Mikey Madison chose a platinum necklace with a total diamond weight of over 6 carats, a more restrained proposition but no less intentional for it. Platinum as a metal choice signals a commitment to permanence and purity; it holds diamonds with minimal metal intrusion, letting the stones read as they were cut.
Gwyneth Paltrow offered the most technically precise Tiffany moment of the evening: a platinum and 18-carat yellow gold necklace set with an internally flawless, oval fancy vivid yellow diamond of 2.19 carats. The "internally flawless" designation is among the rarest clarity grades available, indicating no inclusions visible under 10x magnification. At 2.19 carats in that clarity and color grade, Paltrow's stone represents a different kind of rarity than Hudson's $35 million suite. It is the rarity of perfection at a human scale.

The Men's Jewelry Moment: Damson Idris and the Rise of the Brooch
One of the more genuinely interesting narratives from the 2026 Oscars red carpet was the men. "Even the men got in on the fine-jewelry action," as multiple outlets observed, with brooches emerging as the accessory of choice for a cohort of male attendees willing to commit to something more than a dress watch.
Damson Idris went furthest, wearing a bespoke brooch from Didris, his own luxury jewelry brand. The piece centered on a 7-carat marquise blue diamond surrounded by 42 natural diamonds. The marquise cut, with its elongated elliptical shape and pointed ends, is a demanding silhouette that requires exceptional symmetry to avoid looking unbalanced; at 7 carats, the stone carries enough presence to anchor a brooch designed to read across a red carpet. The fact that Idris wore his own label rather than a legacy house was itself a statement about where men's fine jewelry is heading.
The Watch Edit: Shaboozey in Chopard
Not every jewelry moment at the Oscars comes on a chain. Shaboozey wore what several outlets singled out as the best watch of the evening: a Chopard timepiece in 18-carat white gold set with diamonds. Chopard's watchmaking sits at the intersection of haute horlogerie and high jewelry, and the choice of white gold rather than yellow speaks to a considered aesthetic preference, cool and bright against formal evening wear.

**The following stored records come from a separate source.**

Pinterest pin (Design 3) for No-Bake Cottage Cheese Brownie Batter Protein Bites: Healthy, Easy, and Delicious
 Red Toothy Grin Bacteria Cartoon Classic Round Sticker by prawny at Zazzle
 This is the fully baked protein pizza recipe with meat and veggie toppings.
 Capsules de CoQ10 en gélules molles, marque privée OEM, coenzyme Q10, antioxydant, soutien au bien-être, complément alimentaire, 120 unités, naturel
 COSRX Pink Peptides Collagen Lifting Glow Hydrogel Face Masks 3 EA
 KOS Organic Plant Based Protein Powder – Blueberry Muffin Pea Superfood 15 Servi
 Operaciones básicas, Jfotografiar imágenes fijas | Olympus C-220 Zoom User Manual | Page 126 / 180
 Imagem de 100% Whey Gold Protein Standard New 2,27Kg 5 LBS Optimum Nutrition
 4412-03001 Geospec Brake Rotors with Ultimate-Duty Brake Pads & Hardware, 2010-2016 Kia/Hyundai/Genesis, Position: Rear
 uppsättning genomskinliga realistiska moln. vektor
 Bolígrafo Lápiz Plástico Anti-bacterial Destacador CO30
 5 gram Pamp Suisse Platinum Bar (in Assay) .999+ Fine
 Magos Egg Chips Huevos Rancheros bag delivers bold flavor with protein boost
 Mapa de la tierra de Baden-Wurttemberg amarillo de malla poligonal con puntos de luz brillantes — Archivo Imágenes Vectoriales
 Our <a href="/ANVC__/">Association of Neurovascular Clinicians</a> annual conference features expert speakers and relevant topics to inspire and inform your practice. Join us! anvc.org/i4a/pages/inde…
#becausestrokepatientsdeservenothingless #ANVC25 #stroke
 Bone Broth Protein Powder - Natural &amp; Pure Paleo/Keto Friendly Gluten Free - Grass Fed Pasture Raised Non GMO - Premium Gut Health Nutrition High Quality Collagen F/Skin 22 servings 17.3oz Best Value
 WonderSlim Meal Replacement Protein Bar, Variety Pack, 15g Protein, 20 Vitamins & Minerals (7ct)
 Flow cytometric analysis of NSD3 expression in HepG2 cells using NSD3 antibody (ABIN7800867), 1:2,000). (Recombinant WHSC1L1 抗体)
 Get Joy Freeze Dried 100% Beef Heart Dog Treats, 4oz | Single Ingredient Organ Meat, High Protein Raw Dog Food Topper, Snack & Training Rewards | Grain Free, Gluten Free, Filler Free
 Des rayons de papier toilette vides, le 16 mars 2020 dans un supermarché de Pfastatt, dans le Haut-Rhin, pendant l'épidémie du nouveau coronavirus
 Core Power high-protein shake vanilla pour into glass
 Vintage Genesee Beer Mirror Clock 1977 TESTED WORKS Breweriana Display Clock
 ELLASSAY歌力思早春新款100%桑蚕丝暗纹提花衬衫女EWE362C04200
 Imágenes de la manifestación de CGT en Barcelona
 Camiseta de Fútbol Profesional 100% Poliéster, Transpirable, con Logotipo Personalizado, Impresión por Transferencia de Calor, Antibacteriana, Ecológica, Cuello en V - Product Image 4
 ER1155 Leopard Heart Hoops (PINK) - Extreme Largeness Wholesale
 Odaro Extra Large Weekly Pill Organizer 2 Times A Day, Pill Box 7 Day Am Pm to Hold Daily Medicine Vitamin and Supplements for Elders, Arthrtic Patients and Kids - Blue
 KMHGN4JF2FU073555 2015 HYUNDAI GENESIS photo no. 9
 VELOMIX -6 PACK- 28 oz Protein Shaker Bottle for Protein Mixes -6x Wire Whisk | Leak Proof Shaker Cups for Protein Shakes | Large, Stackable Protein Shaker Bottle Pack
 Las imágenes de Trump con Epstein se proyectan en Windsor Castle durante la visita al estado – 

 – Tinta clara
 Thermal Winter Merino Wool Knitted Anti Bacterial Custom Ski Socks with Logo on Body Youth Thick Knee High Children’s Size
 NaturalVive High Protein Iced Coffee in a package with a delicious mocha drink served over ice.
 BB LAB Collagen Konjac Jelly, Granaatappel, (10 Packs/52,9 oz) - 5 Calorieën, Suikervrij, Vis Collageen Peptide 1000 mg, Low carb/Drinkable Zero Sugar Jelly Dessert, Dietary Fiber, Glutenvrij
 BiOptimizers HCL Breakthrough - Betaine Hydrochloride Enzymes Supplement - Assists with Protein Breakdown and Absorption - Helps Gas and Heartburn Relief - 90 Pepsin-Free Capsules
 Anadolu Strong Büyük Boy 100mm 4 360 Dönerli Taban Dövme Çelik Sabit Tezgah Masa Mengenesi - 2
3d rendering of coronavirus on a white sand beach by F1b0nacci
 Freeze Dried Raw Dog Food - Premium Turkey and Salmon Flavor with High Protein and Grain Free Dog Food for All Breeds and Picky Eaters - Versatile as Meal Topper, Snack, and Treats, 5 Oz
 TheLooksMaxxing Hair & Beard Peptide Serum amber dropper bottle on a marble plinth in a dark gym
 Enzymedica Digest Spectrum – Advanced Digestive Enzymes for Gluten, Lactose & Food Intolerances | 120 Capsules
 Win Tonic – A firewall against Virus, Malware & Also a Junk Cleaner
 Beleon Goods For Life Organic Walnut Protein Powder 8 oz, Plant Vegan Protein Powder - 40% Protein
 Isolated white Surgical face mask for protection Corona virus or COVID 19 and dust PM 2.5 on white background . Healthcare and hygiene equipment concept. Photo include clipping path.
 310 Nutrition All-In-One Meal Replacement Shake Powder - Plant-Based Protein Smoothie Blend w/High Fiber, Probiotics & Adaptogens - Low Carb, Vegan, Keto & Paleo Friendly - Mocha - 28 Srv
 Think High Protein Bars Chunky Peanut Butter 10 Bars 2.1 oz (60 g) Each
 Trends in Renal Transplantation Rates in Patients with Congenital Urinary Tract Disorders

Beyond Diamonds: The Full Picture
Odessa A'zion took a notably different approach, combining strands of Pandora jewels with Valentino couture for what InStyle called "one of the most unique looks of the night." The juxtaposition of an accessible jewelry brand with high couture carries its own editorial logic, collapsing the hierarchy between luxury tiers in a way that felt more deliberate than accidental.
The broader red carpet, as Vogue noted, included not only diamonds but "extremely rare sapphires" and rubies among the evening's jewels. Isha M. Ambani was also photographed at the ceremony, adding to a guest list that treated the Dolby Theatre as an opportunity to showcase the full breadth of what contemporary fine jewelry can achieve.
Taken together, the 2026 Oscars made a compelling case that high jewelry is no longer just an accessory to the gown: it is its own statement, capable of carrying an entire look, anchoring an identity, and, at $35 million, stopping an entire red carpet cold. The era of subtle is, for now, thoroughly over.